A meta não foi apenas rever o passado, mas encontrar, prioritariamente, referências importantes para pensar um futuro que em parte nasce das possibilidades que oferecem o nosso patrimônio construído de ser matéria palpável e símbolo. Nesse sentido, o recorte que fizemos certamente é uma redução da realidade de cinco séculos, mas que permite aflorar fios de espessuras e tramas de tal modo variadas que desafiam esse universo pleno de possibilidades exploradas e ainda por explorar.
Neste contexto, o Volume 1 abre com um capítulo sobre Arquitetura Indígena, de autoria do prof. Jorge Derenji, que apresenta um acervo de informações e de tipos construtivos, de modos de construir, edificar e de se apropriar do espaço físico, por parte das sociedades indígenas brasileiras. Documenta aspectos intocados do ambiente construído indígena, registra as mudanças que vêm ocorrendo, tendo como maior fator a miscigenação de raças e costumes, para apresentar uma preocupação preservacionista daquele acervo que aos poucos vai se dissolvendo. Se a arquitetura indígena é feita para durar menos do que a vida de seus autores, o modo de construir permaneceu e chegou a atualidade, à despeito das fragilidades da arquitetura e da manutenção das culturas desses primeiros povos do país.
O período histórico que expressa a linguagem clássica da arquitetura brasileira é abordado pelo prof.

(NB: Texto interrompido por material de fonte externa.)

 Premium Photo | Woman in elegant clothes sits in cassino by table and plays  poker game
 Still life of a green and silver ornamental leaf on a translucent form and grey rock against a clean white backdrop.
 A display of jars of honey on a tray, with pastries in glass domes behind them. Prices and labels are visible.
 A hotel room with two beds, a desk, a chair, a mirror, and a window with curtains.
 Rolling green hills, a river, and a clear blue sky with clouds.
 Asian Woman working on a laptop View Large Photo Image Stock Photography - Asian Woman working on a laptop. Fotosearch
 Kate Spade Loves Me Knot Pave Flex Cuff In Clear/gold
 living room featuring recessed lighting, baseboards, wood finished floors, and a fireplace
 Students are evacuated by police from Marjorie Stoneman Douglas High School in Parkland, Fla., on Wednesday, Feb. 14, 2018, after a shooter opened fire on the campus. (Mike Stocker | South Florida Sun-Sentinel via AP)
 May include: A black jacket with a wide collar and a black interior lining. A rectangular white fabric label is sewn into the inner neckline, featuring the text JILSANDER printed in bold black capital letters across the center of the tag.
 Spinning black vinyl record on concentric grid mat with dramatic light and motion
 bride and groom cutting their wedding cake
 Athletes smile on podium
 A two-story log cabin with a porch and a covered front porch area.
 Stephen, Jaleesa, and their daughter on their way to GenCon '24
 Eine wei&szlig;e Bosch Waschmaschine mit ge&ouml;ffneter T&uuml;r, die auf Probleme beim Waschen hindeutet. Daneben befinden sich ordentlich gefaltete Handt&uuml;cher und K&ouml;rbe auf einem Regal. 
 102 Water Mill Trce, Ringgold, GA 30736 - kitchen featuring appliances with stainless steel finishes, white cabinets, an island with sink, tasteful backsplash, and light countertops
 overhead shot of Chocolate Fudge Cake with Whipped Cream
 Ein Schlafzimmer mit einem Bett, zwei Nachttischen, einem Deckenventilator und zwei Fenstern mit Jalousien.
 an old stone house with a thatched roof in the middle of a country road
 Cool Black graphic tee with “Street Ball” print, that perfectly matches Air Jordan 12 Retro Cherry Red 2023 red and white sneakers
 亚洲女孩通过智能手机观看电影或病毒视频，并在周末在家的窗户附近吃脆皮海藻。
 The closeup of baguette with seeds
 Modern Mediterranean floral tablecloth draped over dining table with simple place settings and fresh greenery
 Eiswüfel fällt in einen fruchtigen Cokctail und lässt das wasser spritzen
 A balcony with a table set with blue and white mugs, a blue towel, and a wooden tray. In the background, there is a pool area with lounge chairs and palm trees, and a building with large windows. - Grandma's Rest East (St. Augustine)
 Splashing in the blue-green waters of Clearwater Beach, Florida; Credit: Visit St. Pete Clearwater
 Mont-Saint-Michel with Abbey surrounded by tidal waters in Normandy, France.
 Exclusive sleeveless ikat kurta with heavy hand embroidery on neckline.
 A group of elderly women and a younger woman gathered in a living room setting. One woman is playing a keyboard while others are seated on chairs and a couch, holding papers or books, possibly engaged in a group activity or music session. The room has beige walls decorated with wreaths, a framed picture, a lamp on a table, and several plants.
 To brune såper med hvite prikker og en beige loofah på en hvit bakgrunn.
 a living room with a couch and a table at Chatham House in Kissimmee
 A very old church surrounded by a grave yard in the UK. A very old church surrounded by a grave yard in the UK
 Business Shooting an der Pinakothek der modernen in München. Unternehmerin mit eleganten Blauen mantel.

Geraldo Gomes da Silva, no capítulo 2. Segundo o autor, “todas as linguagens arquitetônicas, salvo raros exemplares do neo-gótico e do neo-românico, nesses quatro séculos, podem ser entendidas como variantes da linguagem clássica” [1]. Numa abordagem original, mostra como esses séculos são normalmente estudados de forma compartimentada sem que sejam confrontadas com as linguagens classicizantes ecléticas que antecederam o período denominado modernista. Relata os vários tipos arquitetônicos que fizeram parte da história da arquitetura brasileira desde o século XVI até aqueles que prenunciam o modernismo.
O modernismo, por sua vez, é apresentado pelo prof. Carlos Comas, que expõe uma visão do movimento moderno desde sua incubação à fase que ele denomina de mutação, justificando com este nome, seu ponto de vista de que “para o bem e para o mal, a unidade está perdida e é sem volta.”[2] Para tanto, percorre obras emblemáticas tais como o prédio do Ministério da Educação e Saúde, no Rio de Janeiro.
O quarto capítulo que encerra volume 1 o com o tema Brasília, é de autoria de Maria Elisa Costa. Seu texto aponta em Brasília as qualidades que a aproxima de uma cidade igual a qualquer outra do Brasil, um depoimento único e pessoal sobre a cidade símbolo das idéias modernistas no mundo, mostrando como Lucio Costa soube se apropriar da história urbanística brasileira e superá-la sem negá-la.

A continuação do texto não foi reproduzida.